> Goal of the exercise
Please return exactly the lines from the top of the data through the line that contains "Something Easy Inn image", and skip all pictures.

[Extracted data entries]
Segment Open

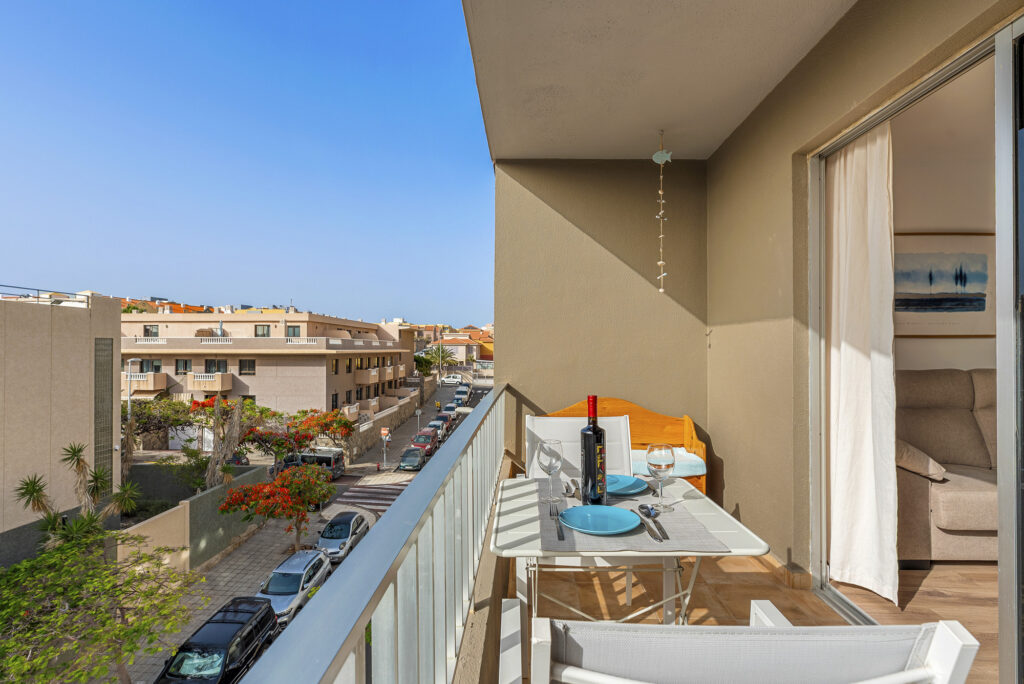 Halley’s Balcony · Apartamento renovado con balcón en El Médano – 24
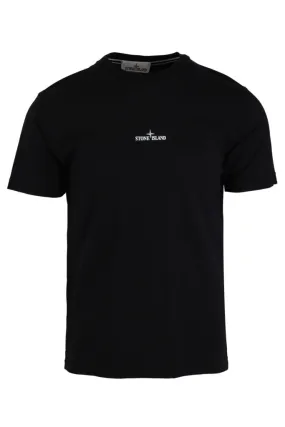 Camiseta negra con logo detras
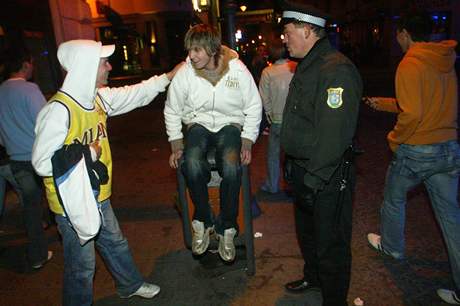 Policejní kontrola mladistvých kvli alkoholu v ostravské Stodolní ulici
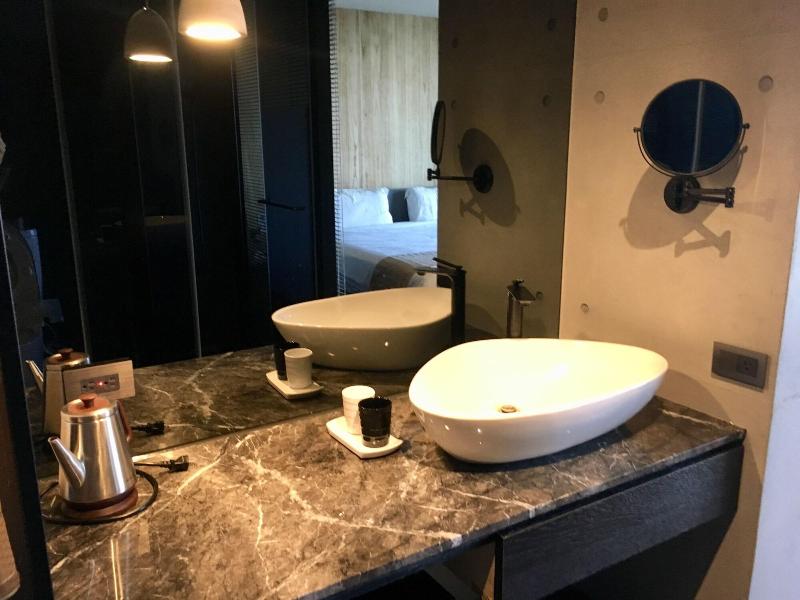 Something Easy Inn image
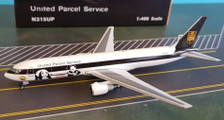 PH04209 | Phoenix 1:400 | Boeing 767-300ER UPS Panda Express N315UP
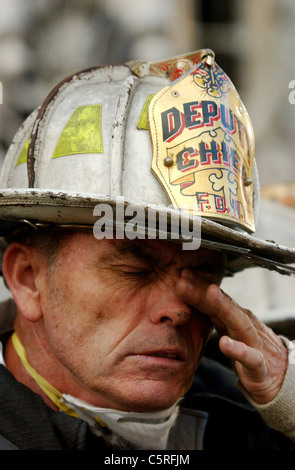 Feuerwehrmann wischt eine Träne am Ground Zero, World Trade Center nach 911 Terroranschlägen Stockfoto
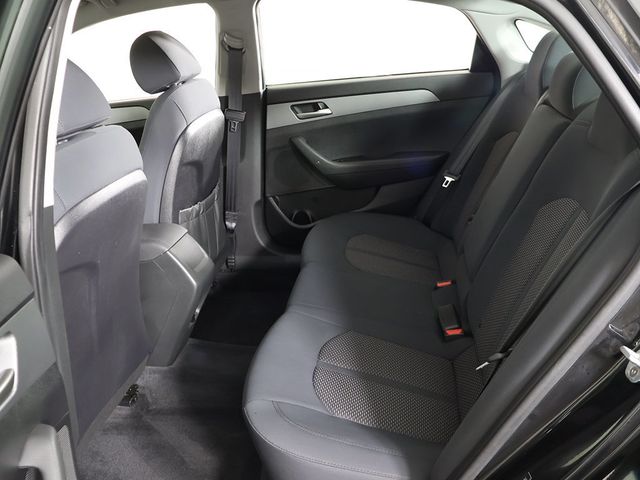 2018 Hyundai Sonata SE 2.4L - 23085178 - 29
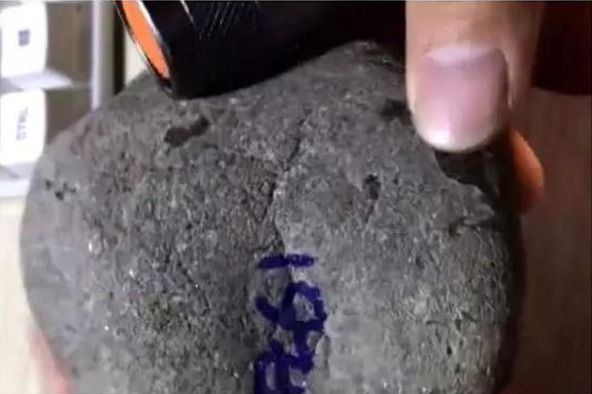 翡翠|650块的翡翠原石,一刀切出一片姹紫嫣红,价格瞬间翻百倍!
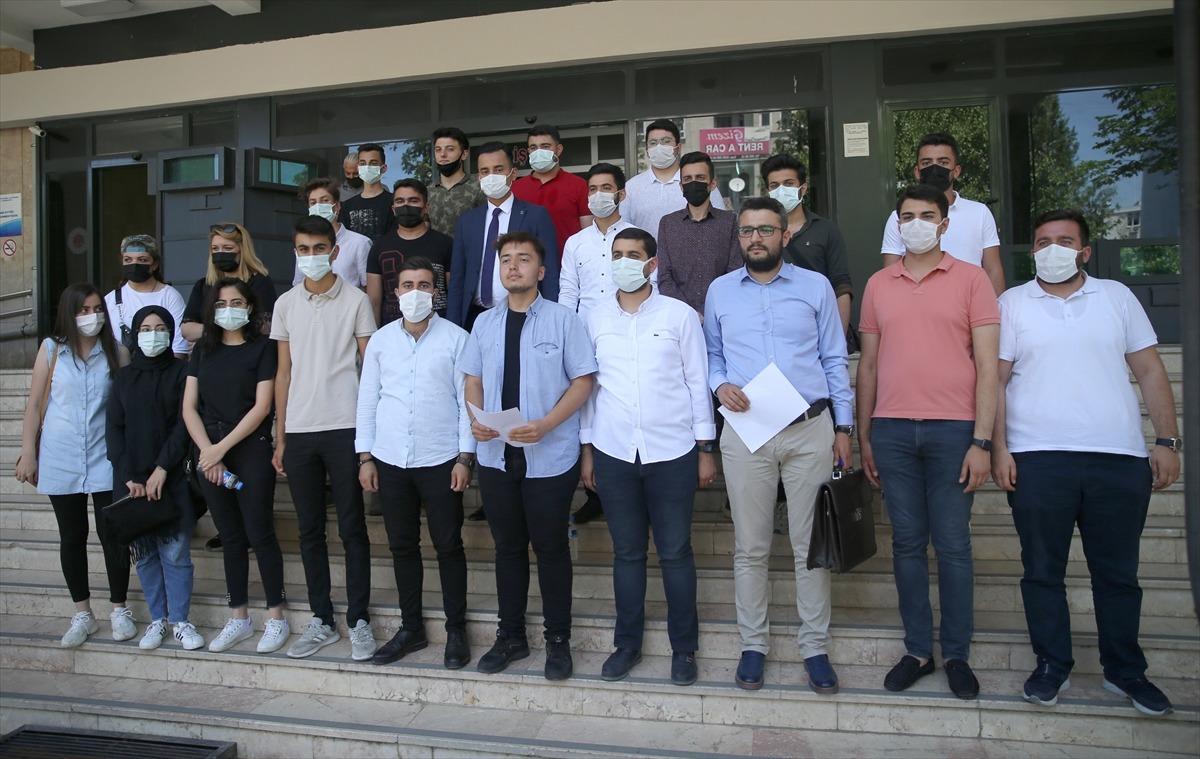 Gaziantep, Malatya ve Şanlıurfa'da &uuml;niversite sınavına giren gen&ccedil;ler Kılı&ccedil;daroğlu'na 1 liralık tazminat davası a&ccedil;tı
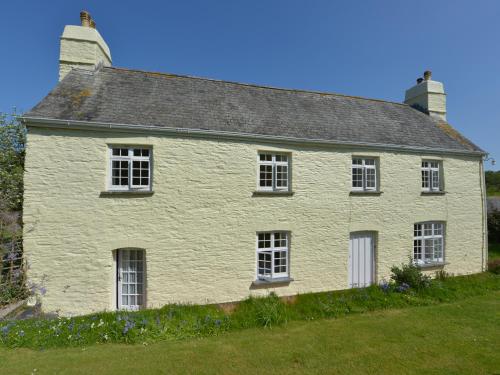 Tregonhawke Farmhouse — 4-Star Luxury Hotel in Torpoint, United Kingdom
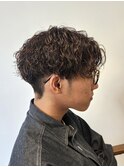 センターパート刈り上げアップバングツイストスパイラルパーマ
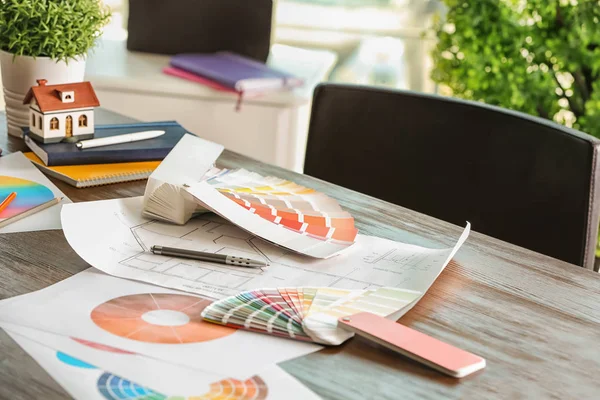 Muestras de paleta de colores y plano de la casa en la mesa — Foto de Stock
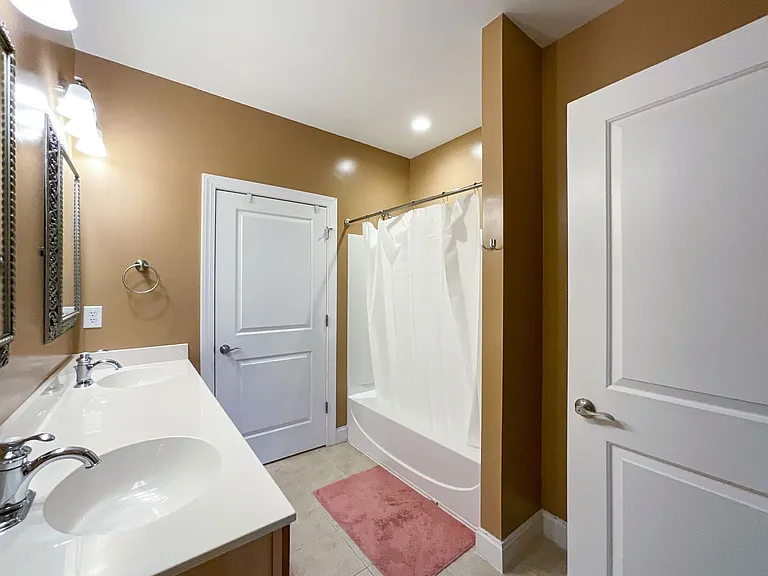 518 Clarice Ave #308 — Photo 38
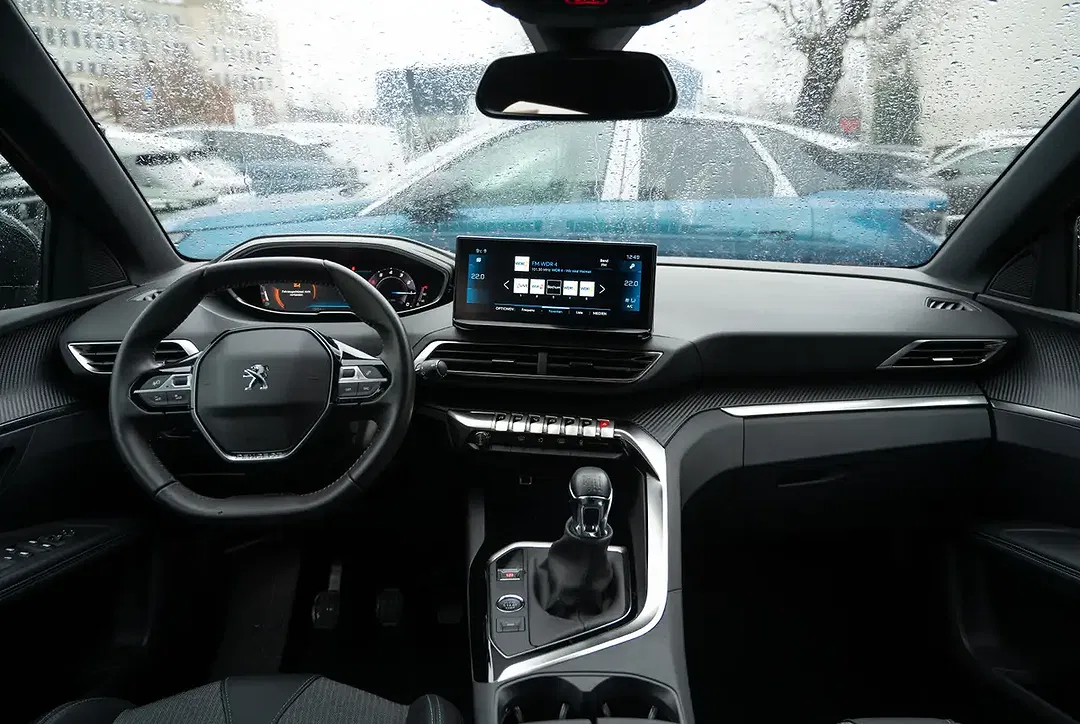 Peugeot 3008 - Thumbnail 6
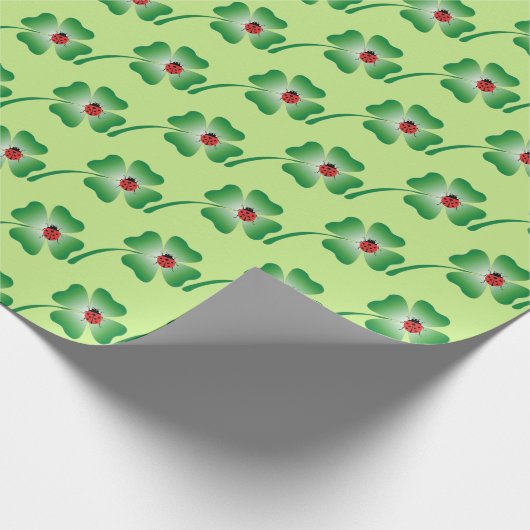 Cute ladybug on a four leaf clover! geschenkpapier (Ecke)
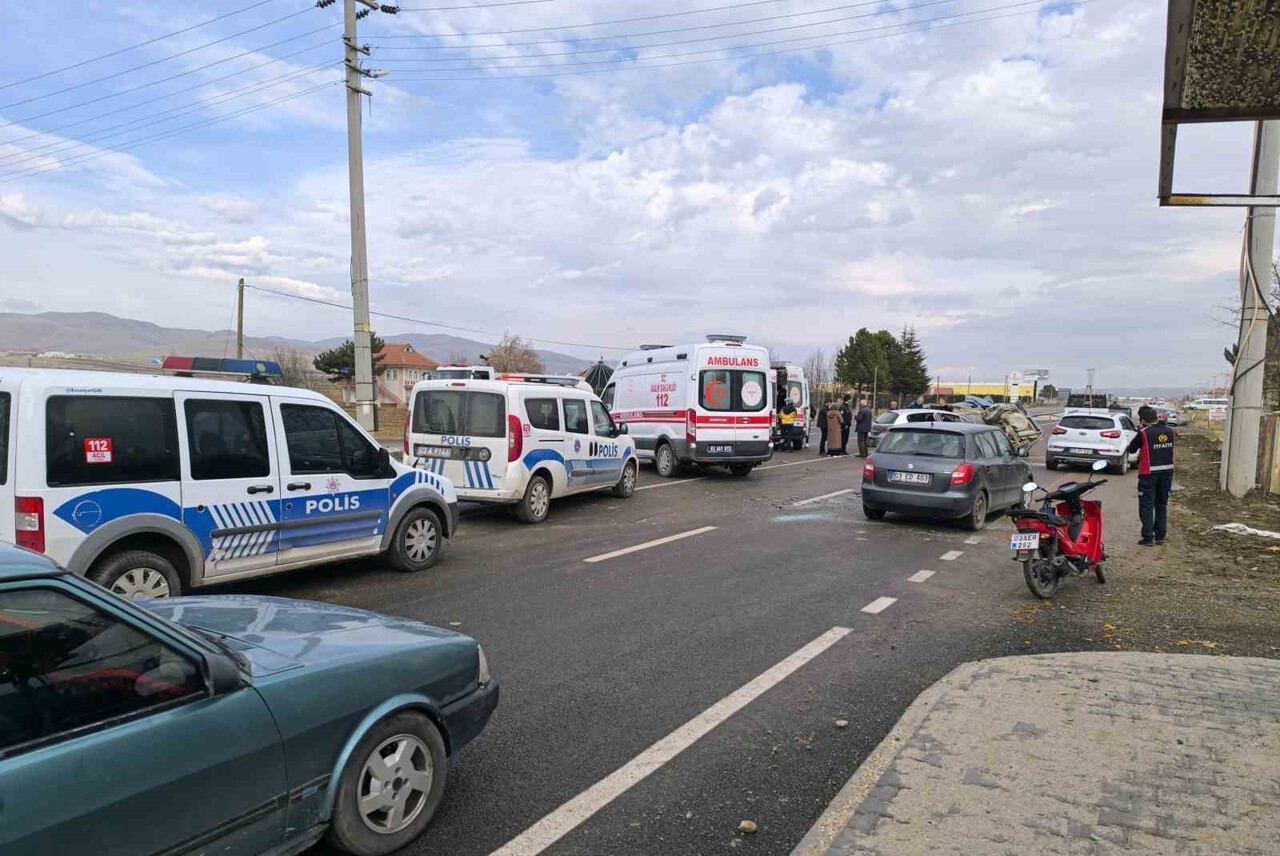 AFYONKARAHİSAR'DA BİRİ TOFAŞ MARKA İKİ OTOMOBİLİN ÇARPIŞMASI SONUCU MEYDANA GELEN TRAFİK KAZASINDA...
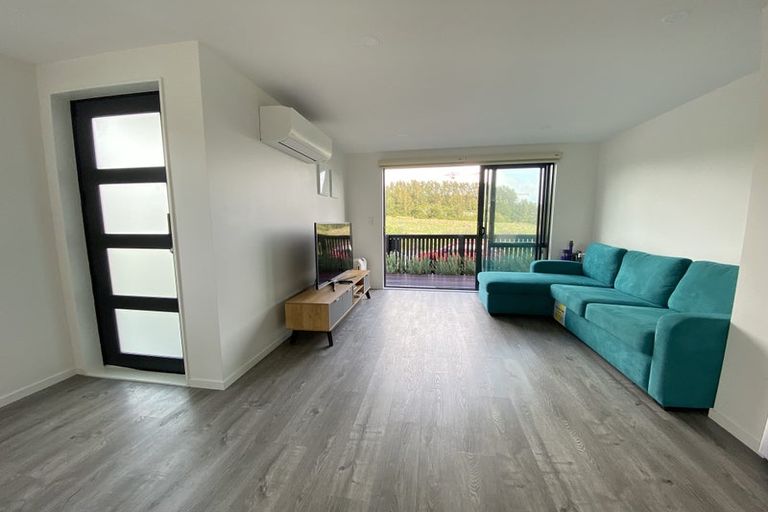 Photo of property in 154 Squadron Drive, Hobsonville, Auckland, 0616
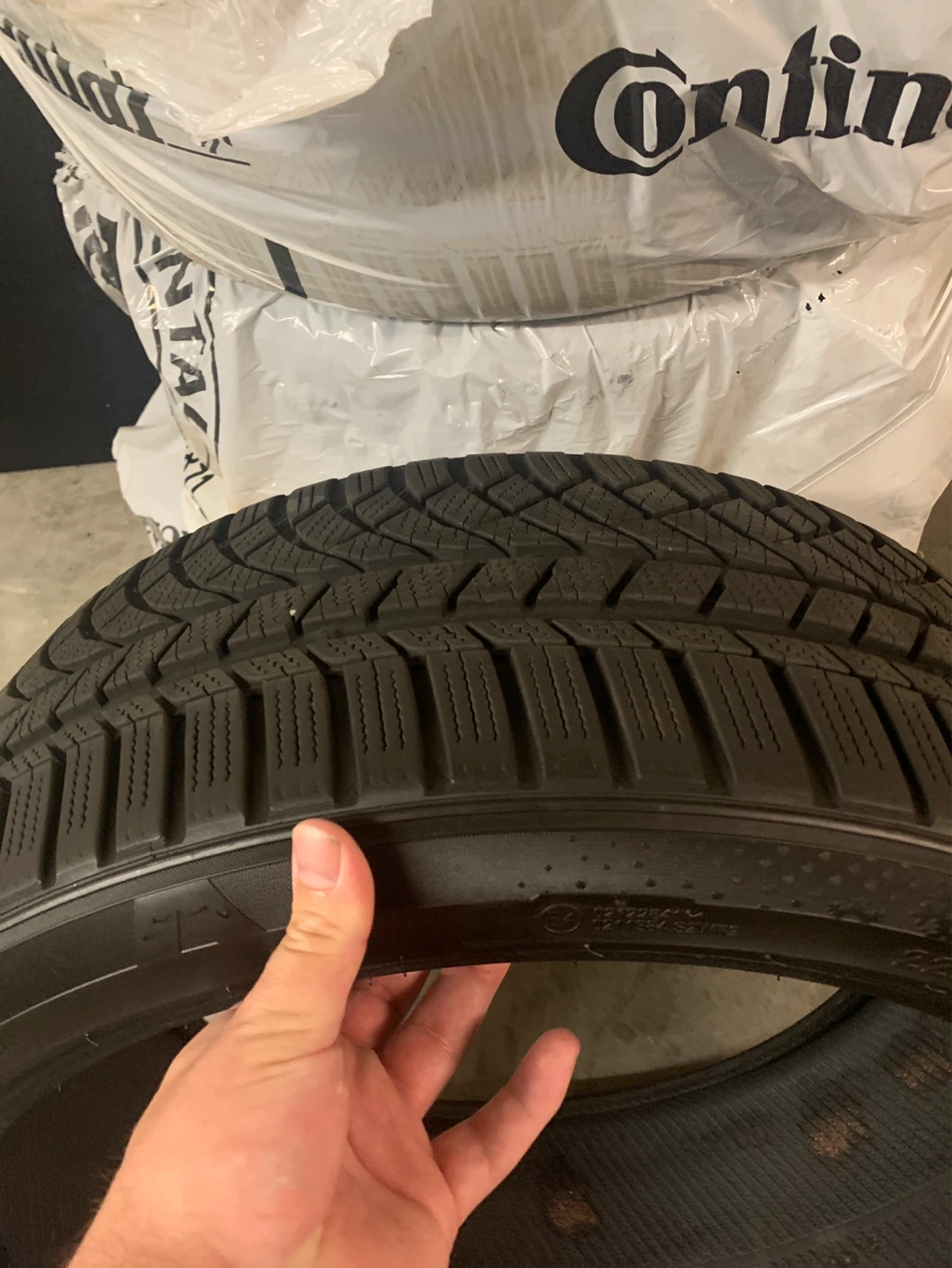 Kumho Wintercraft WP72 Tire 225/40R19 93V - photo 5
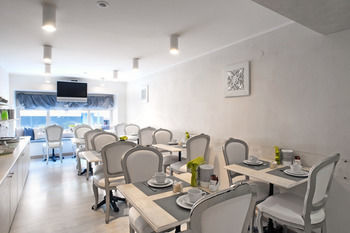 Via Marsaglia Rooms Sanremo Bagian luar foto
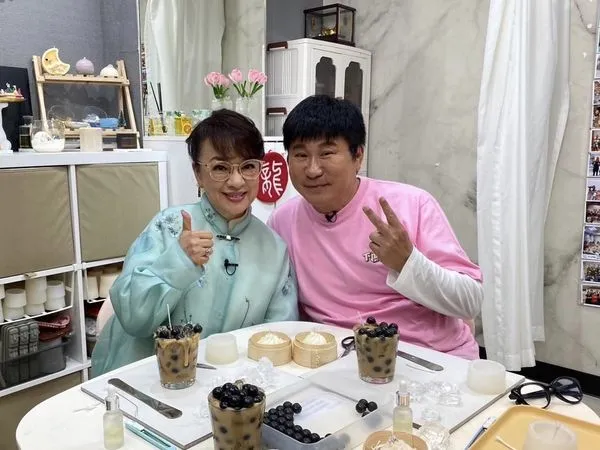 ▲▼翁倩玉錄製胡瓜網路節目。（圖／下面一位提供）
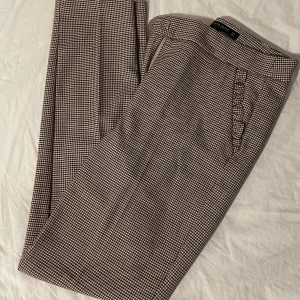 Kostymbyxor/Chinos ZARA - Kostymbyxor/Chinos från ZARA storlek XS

Segment Closed

> Solution to the problem
 Halley’s Balcony · Apartamento renovado con balcón en El Médano – 24
 Camiseta negra con logo detras
 Policejní kontrola mladistvých kvli alkoholu v ostravské Stodolní ulici
 Something Easy Inn image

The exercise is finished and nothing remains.